● **Task objective**
An exact copy is needed of the lines in the entries below from the line with "Kế hoạch bài" up to and including the line with "Пижама детская (рубашка, брюки)", and of nothing else. Leave the pictures out.

BEGIN Records provided

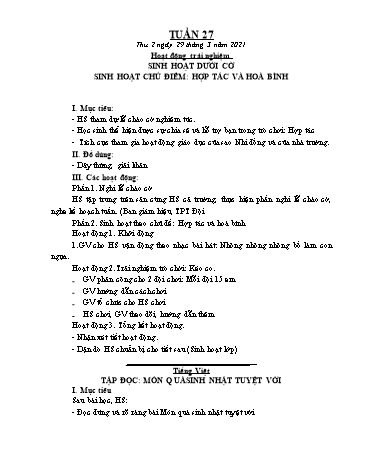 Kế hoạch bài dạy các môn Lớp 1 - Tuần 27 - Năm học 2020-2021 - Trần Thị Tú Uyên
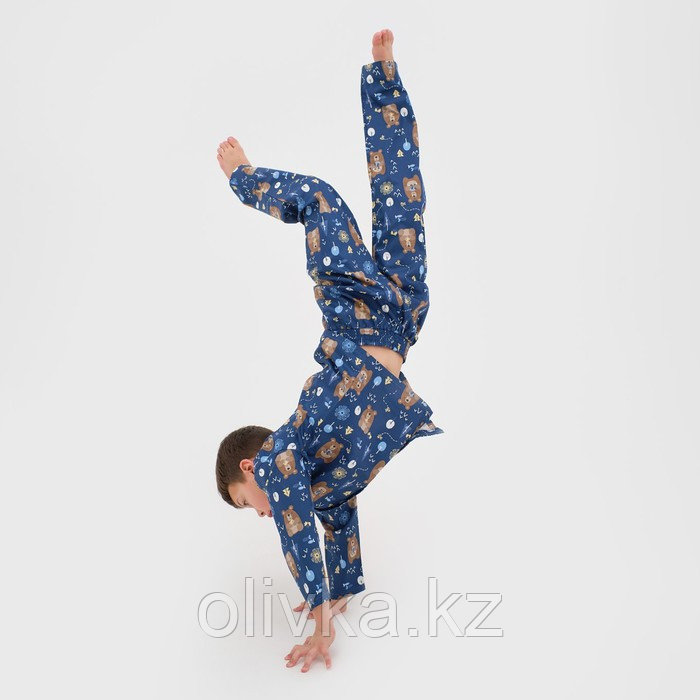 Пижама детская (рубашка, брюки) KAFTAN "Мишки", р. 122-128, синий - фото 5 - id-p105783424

END Records provided
BEGIN Records provided

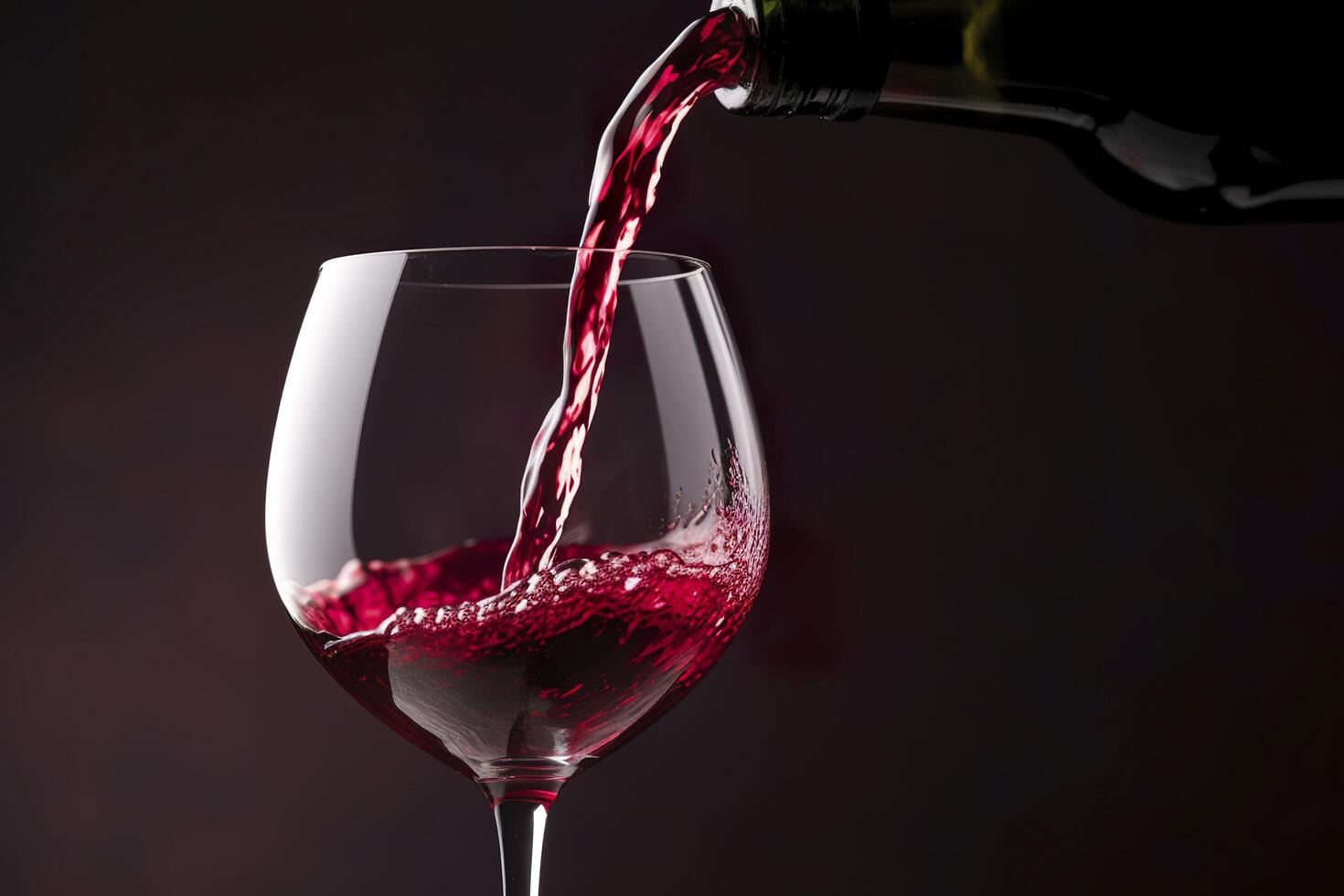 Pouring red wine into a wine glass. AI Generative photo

END Records provided
BEGIN Records provided

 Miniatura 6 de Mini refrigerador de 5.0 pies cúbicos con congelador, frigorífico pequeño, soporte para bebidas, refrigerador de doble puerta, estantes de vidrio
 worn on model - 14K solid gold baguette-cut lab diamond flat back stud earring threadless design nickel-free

END Records provided

● **Finished task**
 Kế hoạch bài dạy các môn Lớp 1 - Tuần 27 - Năm học 2020-2021 - Trần Thị Tú Uyên
 Пижама детская (рубашка, брюки) KAFTAN "Мишки", р. 122-128, синий - фото 5 - id-p105783424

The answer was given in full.